Usually the phrase “defense wins championships” is one commonly used in sports, but it can be used in many different aspects of life. Living “defensively” or “conservatively” can be applied to many things we do in life, and while it may not result in any type of “championship,” it can often lead to the best long-term results. Similarly, having a defensive strategy for your managed futures portfolio can be effective when employed during a rough cycle – like the one being experienced in 2013.
Most investors that track the major indices may have noticed that the major managed futures indices (New Edge, BTOP 50) are negative YTD for 2013. While the performance of an index is never an exact representation of a investor’s managed futures portfolio, it does provide a general insight into the overall direction of the asset class. While it is likely that managed futures investors are more than making up their losses through the bullish performance of their equity portfolios, it still disappoints us that their managed futures portfolios are underperforming. As managed futures advisors, we know that all asset classes have cycles and like any other investment, the performance of managed futures and CTAs will eventually turn around. However, as we wait for the turn around, we still have to make necessary adjustments in order to mitigate losses during this industry wide drawdown.
Since many CTAs are performing poorly this year, it’s frustrating monitoring your portfolio, and seeing losses day-after-day and month-after-month. Unfortunately, the best way to “battle” this losing period is sticking with a core group of CTAs who, for the lack of a better phrase, “lose less than the others.” Staying with CTAs with low-downside risk may be the best way to minimize the size of a drawdown. While the overall portfolio may still be negative on the year, it is highly likely that is performing far better than a portfolio that includes more volatile CTAs.
Another solution – one less preferred – is to de-lever the portfolio, by decreasing the overall notional allocation. By decreasing your overall allocation, you are essentially decreasing your investment size and reducing your exposure to risk. The reason this method is “less preferred,” is because when managed futures turn-around, and have their first good month in their “coming back party,” you will miss the full exposure to the up-side. Unfortunately, it’s impossible to predict when this turn-around will happen, and whether it happens gradually over the course of many months, or if it starts off with one stellar month; thus why it may not be the best defensive strategy to de-lever all the CTAs in your portfolio.

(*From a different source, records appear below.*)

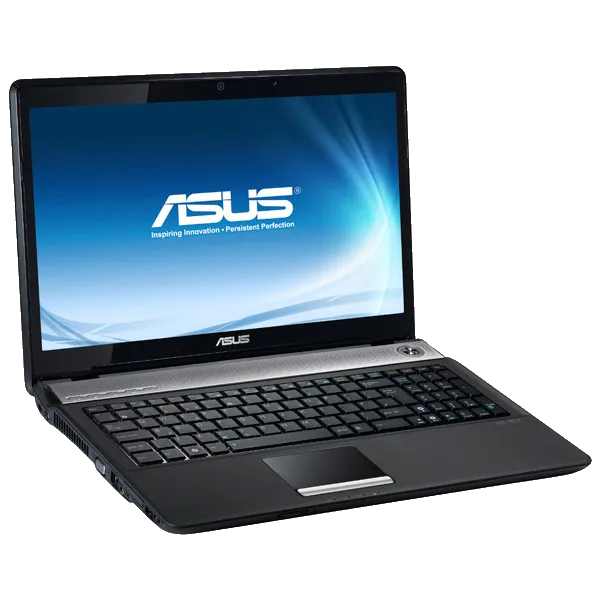 Замена жесткого диска Asus N52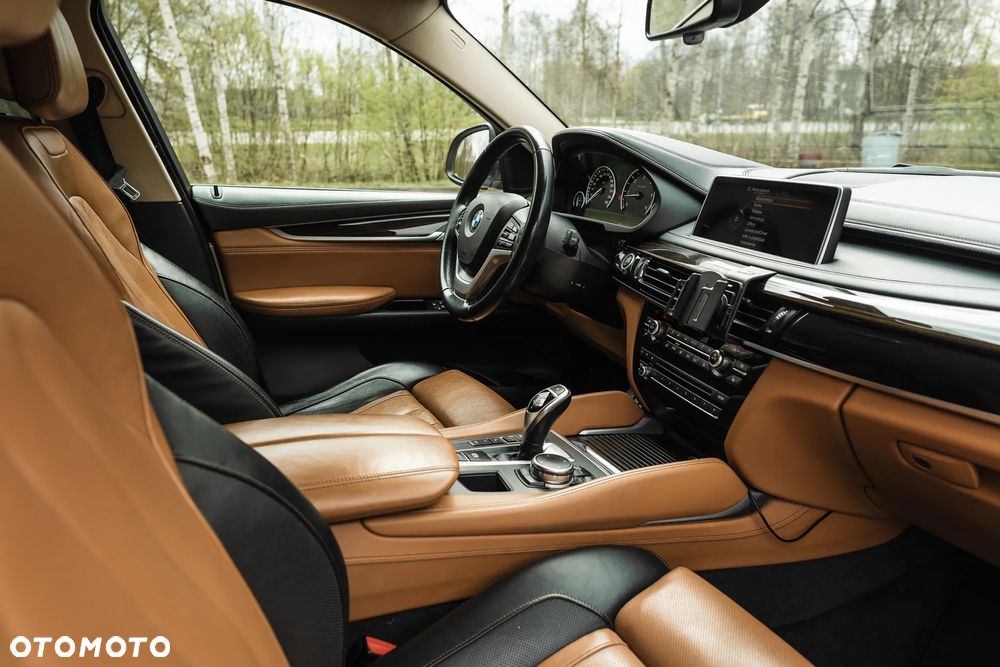 BMW X6 xDrive30d - 37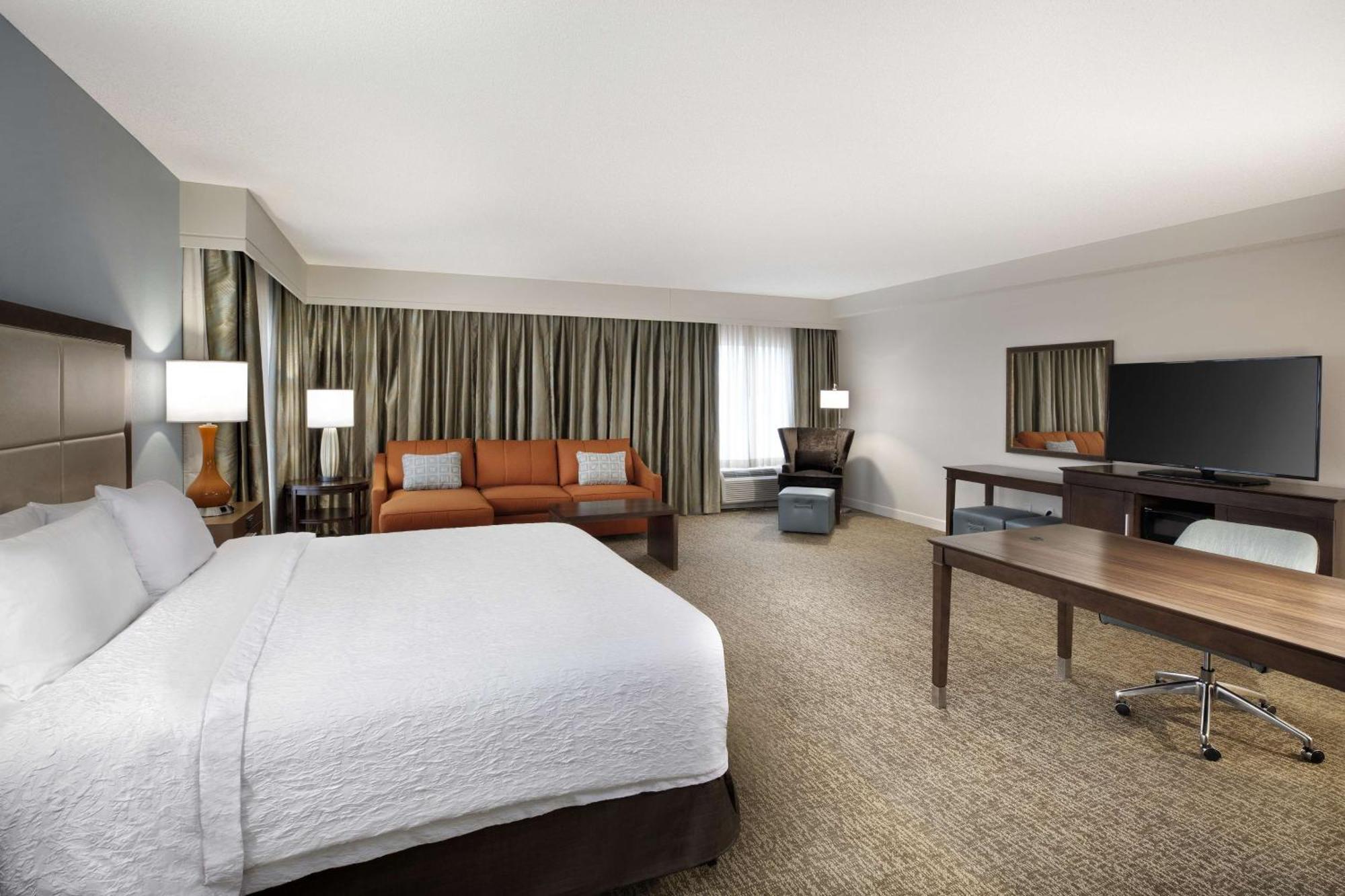 Hampton Inn West Palm Beach Central Airport Экстерьер фото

In addition to the two strategies mentioned above, it’s also important to be very selective [during a rough year] when it comes to making new CTA allocations. We are being very cautious about which CTAs we recommend to clients this year, because we believe we rather miss out on a great CTA instead of investing with another poor performer. Once managed futures return to positivity, it may be time to discuss how “offense wins championships.” Until then, let’s play defense.